** Description of the task **
Repeat exactly what runs from the line with "Avola White Marble" through the last line of the material, and keep the pictures out of it.

________________________________________

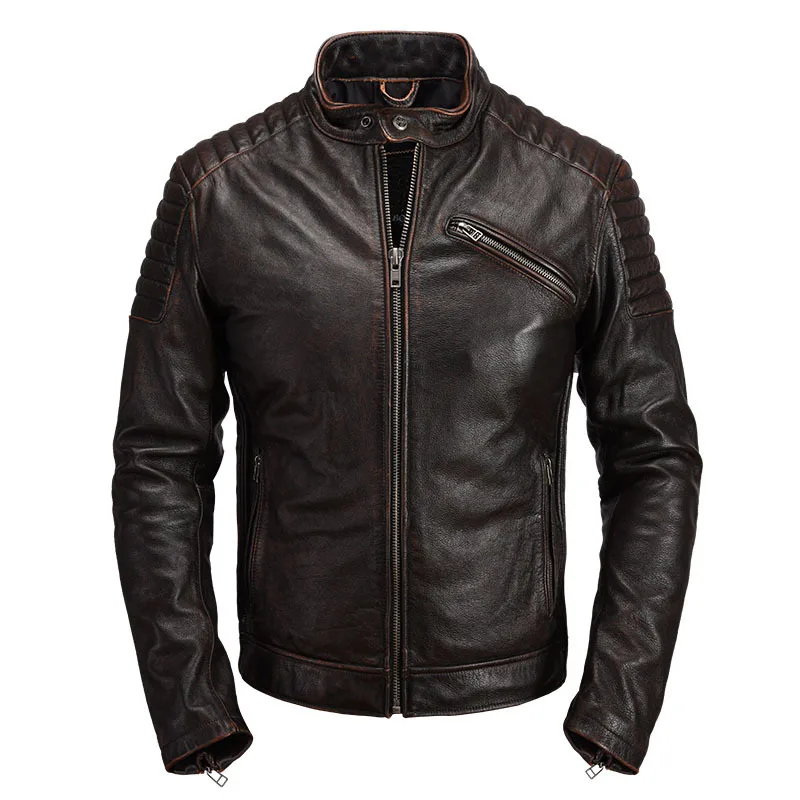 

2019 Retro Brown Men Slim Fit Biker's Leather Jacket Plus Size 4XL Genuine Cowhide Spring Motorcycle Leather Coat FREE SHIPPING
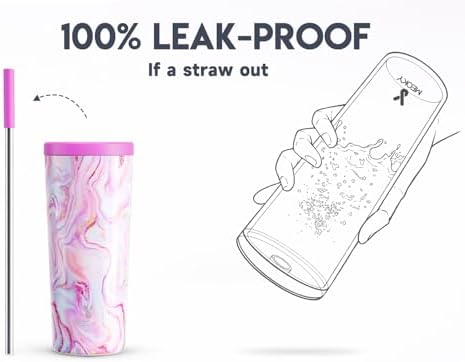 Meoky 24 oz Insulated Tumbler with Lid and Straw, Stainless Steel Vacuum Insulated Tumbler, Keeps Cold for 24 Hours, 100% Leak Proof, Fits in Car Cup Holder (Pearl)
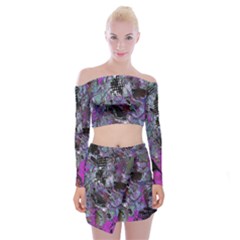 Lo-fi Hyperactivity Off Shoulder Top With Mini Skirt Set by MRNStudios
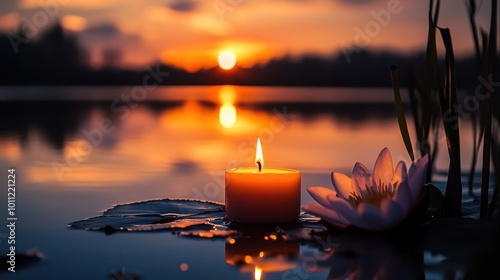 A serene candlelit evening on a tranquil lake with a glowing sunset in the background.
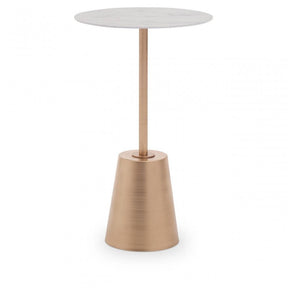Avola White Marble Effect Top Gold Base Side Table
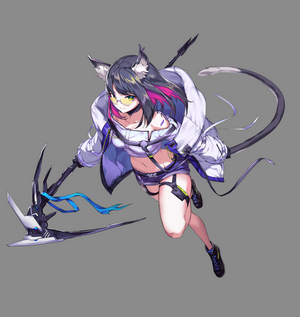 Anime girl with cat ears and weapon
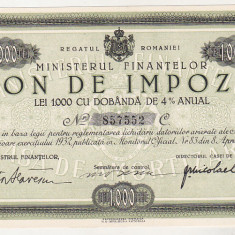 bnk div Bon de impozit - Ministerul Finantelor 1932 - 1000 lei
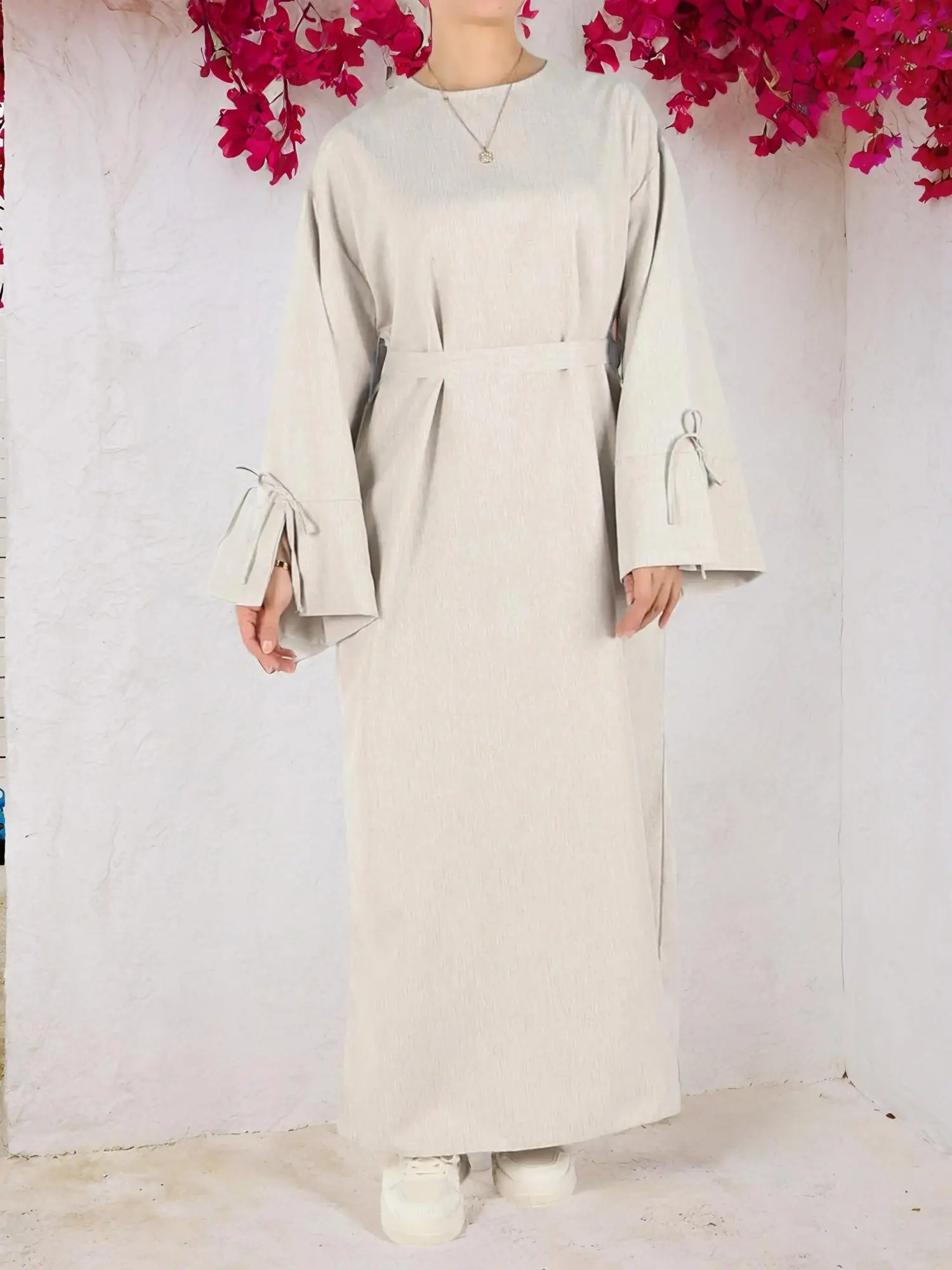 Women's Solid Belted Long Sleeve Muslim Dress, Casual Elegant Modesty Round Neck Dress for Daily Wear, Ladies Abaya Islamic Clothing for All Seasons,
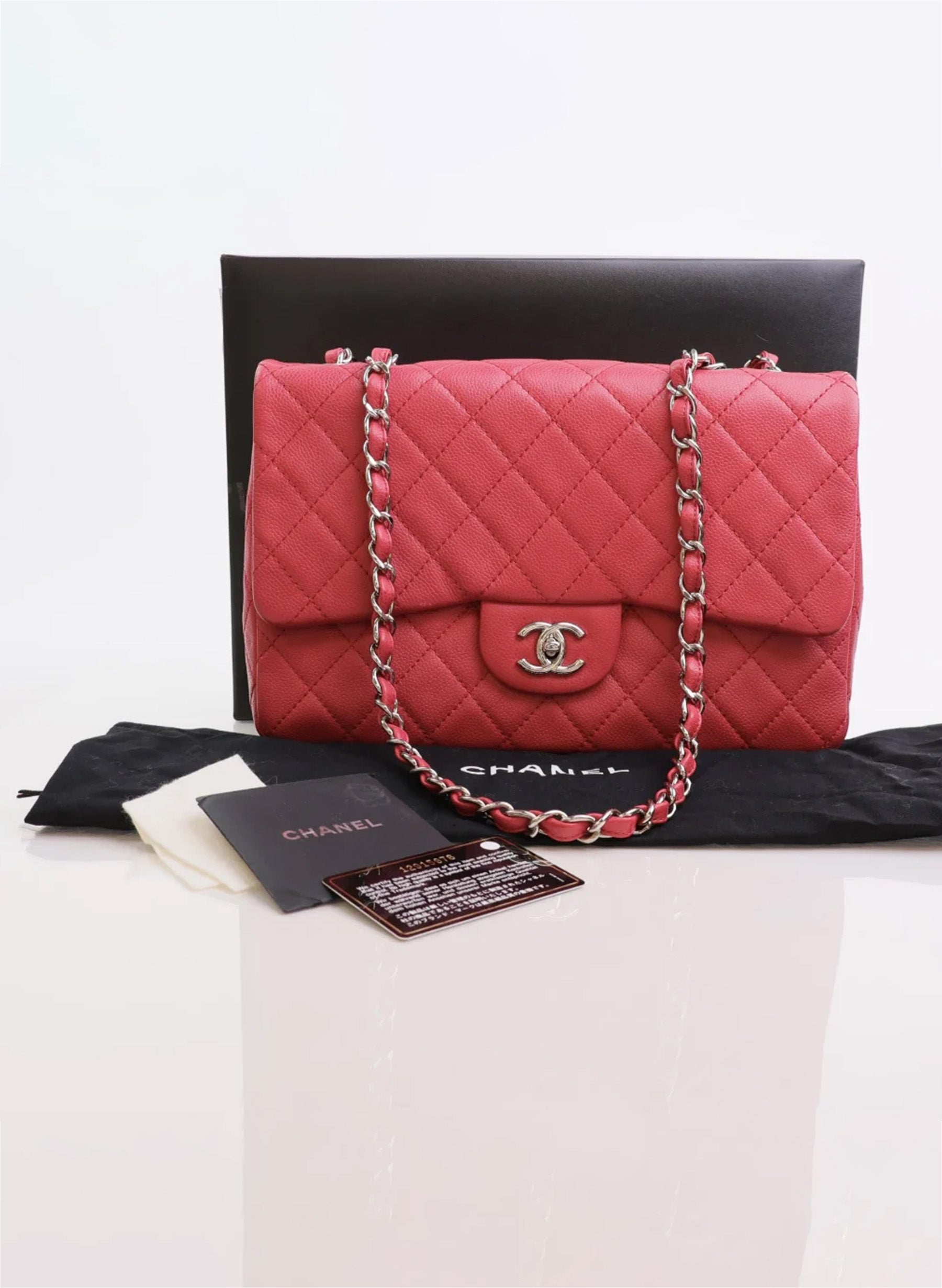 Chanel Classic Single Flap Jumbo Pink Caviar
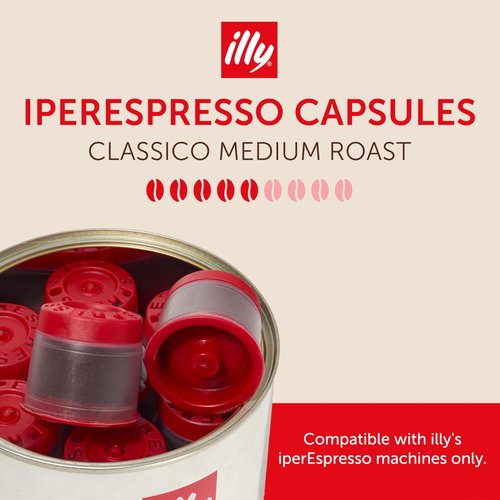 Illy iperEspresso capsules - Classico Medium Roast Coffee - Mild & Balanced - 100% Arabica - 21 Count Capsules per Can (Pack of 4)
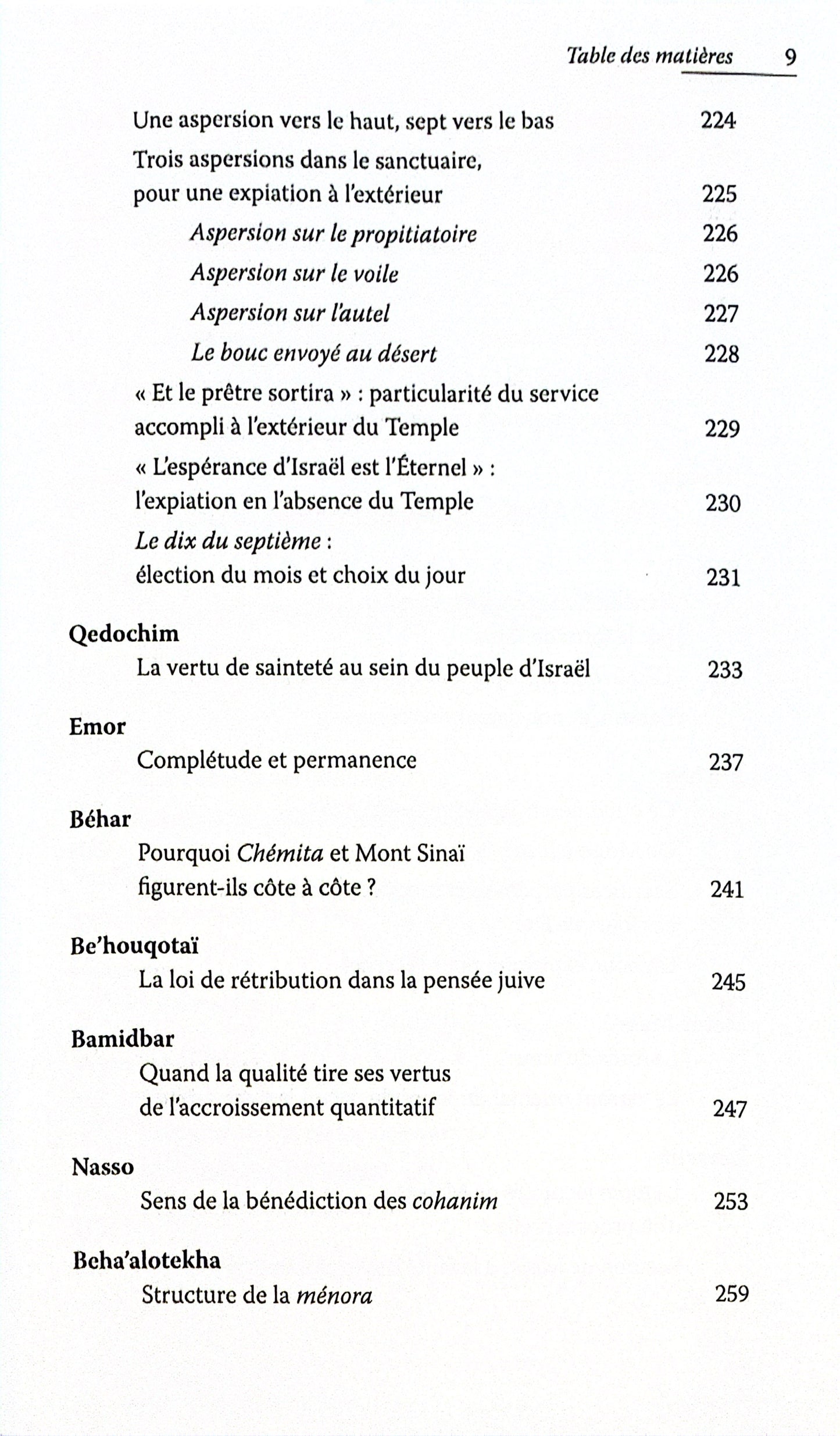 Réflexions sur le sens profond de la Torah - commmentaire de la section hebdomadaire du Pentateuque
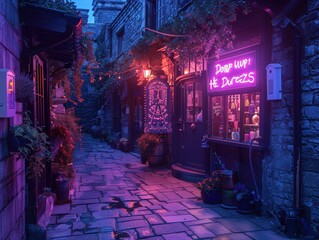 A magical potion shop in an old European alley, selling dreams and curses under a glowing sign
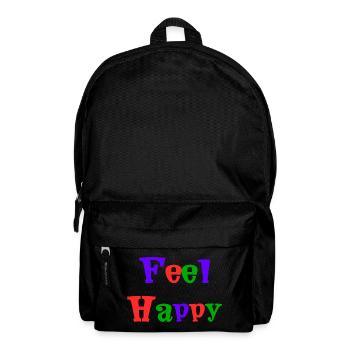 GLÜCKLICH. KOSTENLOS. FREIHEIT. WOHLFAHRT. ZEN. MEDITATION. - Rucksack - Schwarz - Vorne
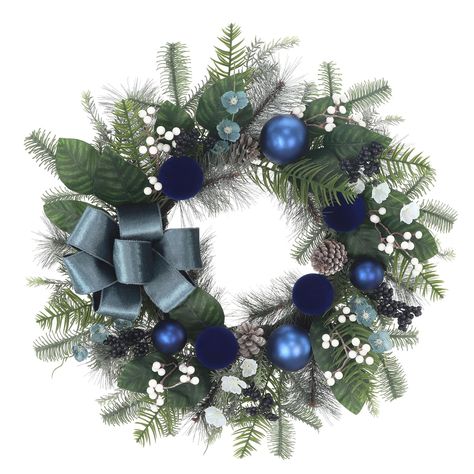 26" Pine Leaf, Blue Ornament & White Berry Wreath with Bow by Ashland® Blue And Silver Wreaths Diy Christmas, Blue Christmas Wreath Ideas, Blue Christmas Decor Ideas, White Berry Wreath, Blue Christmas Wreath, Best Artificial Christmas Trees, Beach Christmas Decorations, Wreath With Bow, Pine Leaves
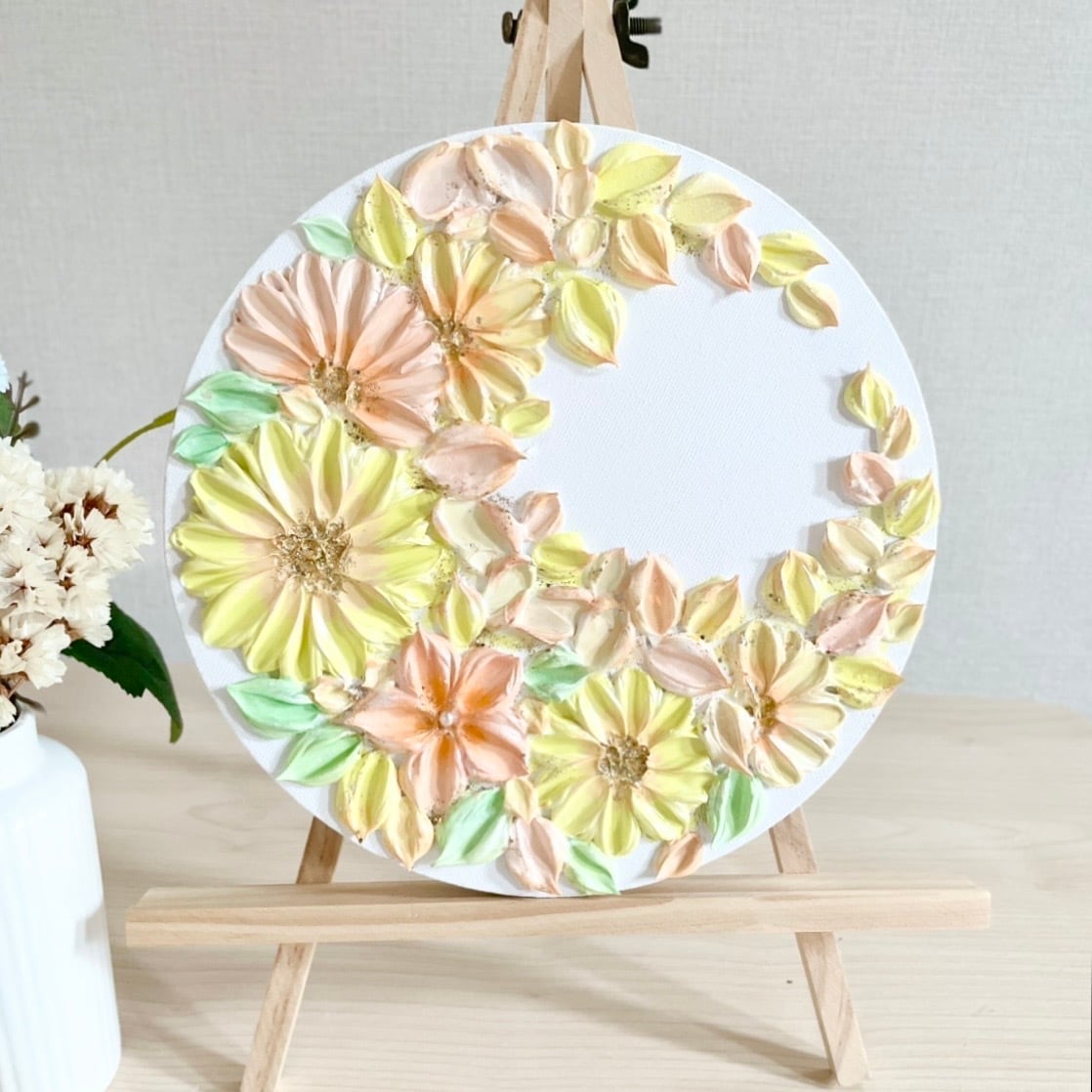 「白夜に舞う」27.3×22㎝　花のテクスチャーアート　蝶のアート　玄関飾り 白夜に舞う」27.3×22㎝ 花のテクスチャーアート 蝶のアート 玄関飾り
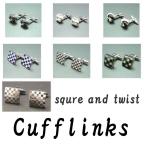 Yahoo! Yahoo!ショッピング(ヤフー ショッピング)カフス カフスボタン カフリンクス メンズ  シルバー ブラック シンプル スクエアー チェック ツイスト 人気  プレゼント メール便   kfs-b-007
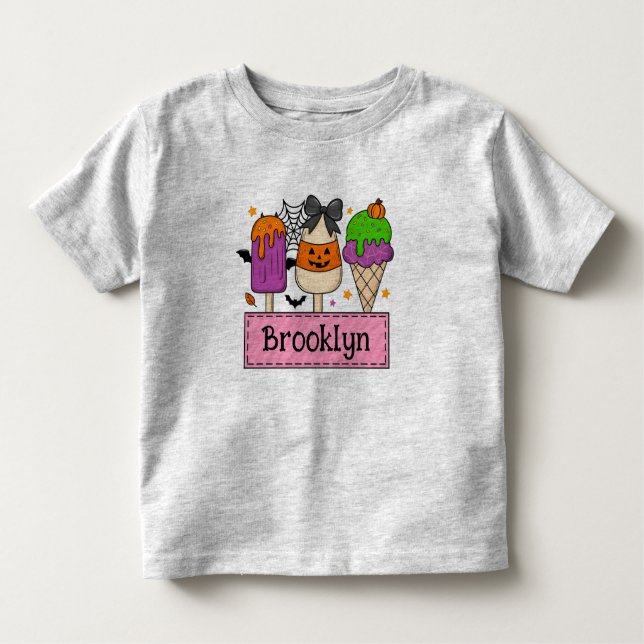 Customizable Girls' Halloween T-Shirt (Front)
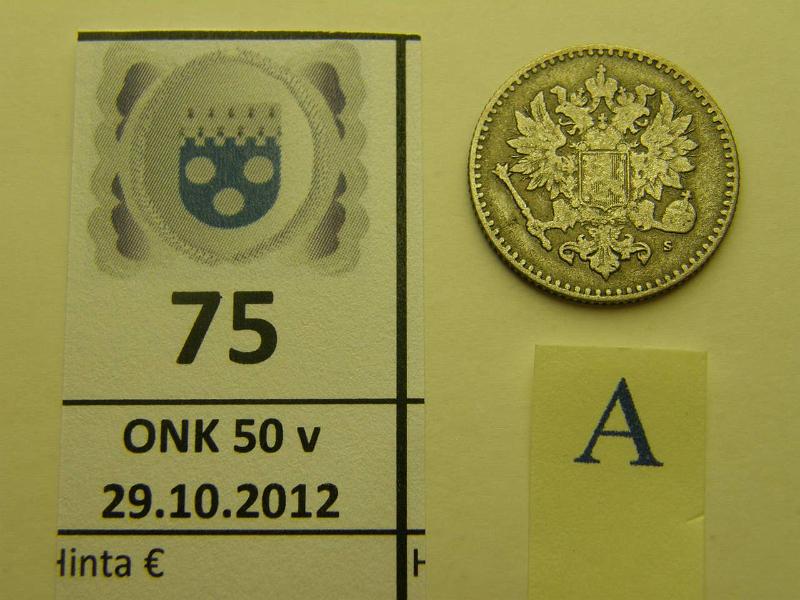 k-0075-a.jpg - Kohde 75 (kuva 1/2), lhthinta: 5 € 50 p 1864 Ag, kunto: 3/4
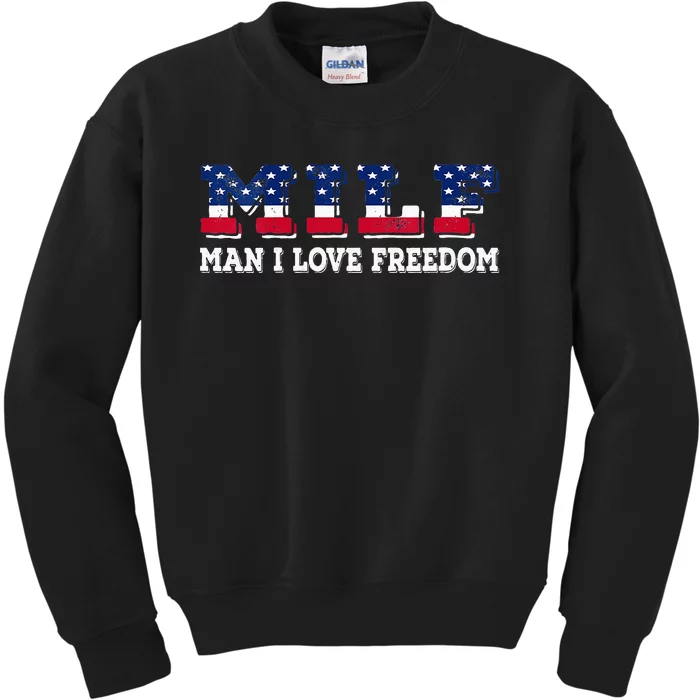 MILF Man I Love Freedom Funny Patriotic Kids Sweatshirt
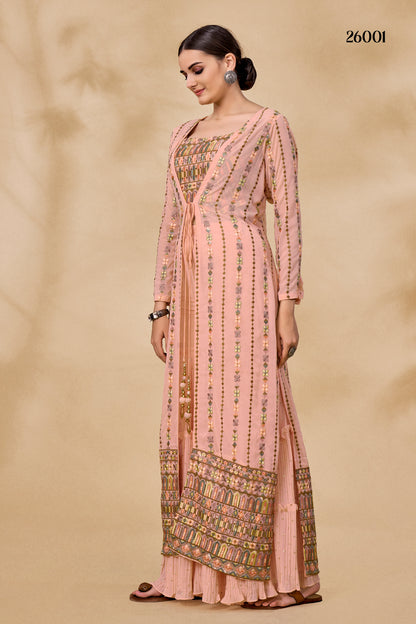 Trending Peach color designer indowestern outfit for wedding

________________________________________

** Expected answer **
Avola White Marble Effect Top Gold Base Side Table
 Anime girl with cat ears and weapon
 bnk div Bon de impozit - Ministerul Finantelor 1932 - 1000 lei
 Women's Solid Belted Long Sleeve Muslim Dress, Casual Elegant Modesty Round Neck Dress for Daily Wear, Ladies Abaya Islamic Clothing for All Seasons,
 Chanel Classic Single Flap Jumbo Pink Caviar
 Illy iperEspresso capsules - Classico Medium Roast Coffee - Mild & Balanced - 100% Arabica - 21 Count Capsules per Can (Pack of 4)
 Réflexions sur le sens profond de la Torah - commmentaire de la section hebdomadaire du Pentateuque
 A magical potion shop in an old European alley, selling dreams and curses under a glowing sign
 GLÜCKLICH. KOSTENLOS. FREIHEIT. WOHLFAHRT. ZEN. MEDITATION. - Rucksack - Schwarz - Vorne
 26" Pine Leaf, Blue Ornament & White Berry Wreath with Bow by Ashland® Blue And Silver Wreaths Diy Christmas, Blue Christmas Wreath Ideas, Blue Christmas Decor Ideas, White Berry Wreath, Blue Christmas Wreath, Best Artificial Christmas Trees, Beach Christmas Decorations, Wreath With Bow, Pine Leaves
 「白夜に舞う」27.3×22㎝　花のテクスチャーアート　蝶のアート　玄関飾り 白夜に舞う」27.3×22㎝ 花のテクスチャーアート 蝶のアート 玄関飾り
 Yahoo! Yahoo!ショッピング(ヤフー ショッピング)カフス カフスボタン カフリンクス メンズ  シルバー ブラック シンプル スクエアー チェック ツイスト 人気  プレゼント メール便   kfs-b-007
 Customizable Girls' Halloween T-Shirt (Front)
 k-0075-a.jpg - Kohde 75 (kuva 1/2), lhthinta: 5 € 50 p 1864 Ag, kunto: 3/4
 MILF Man I Love Freedom Funny Patriotic Kids Sweatshirt
 Trending Peach color designer indowestern outfit for wedding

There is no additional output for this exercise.